> **Recorded information**:

· · ·

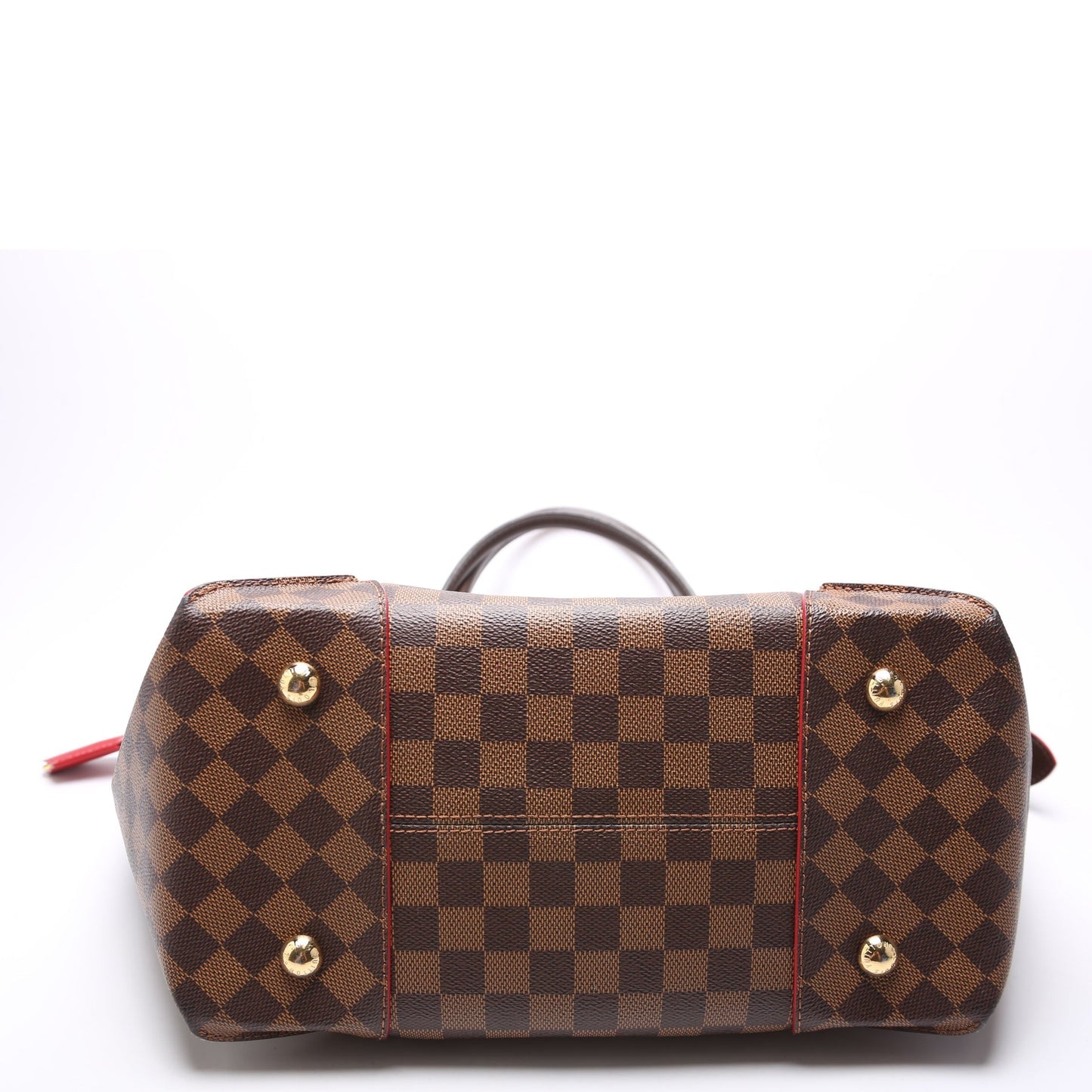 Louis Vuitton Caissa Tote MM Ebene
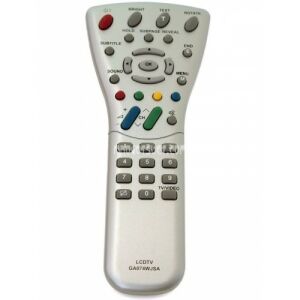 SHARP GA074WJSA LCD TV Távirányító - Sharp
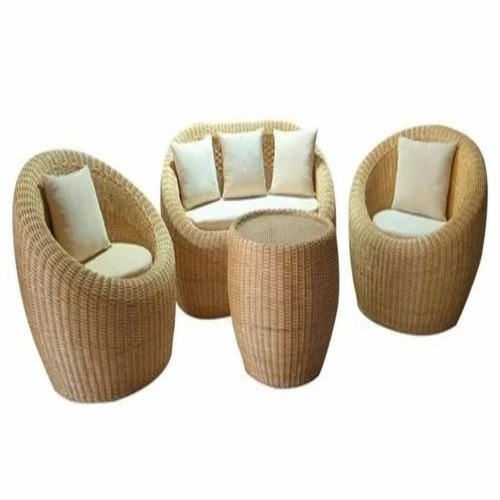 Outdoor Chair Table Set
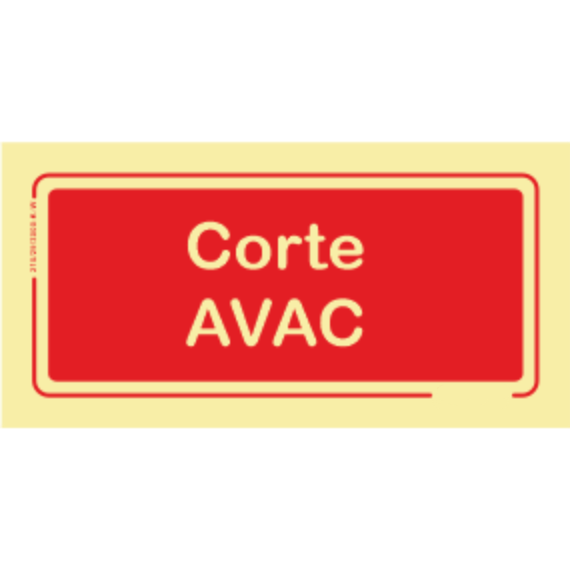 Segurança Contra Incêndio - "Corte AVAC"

· · ·

> **Problem statement**:
Take the line that holds "SHARP GA074WJSA LCD TV Távirányító - Sharp" as the start and the last line of the data as the end. Copy only those lines exactly, both ends included, except the pictures.

> **Answer to the problem**:
 SHARP GA074WJSA LCD TV Távirányító - Sharp
 Outdoor Chair Table Set
 Segurança Contra Incêndio - "Corte AVAC"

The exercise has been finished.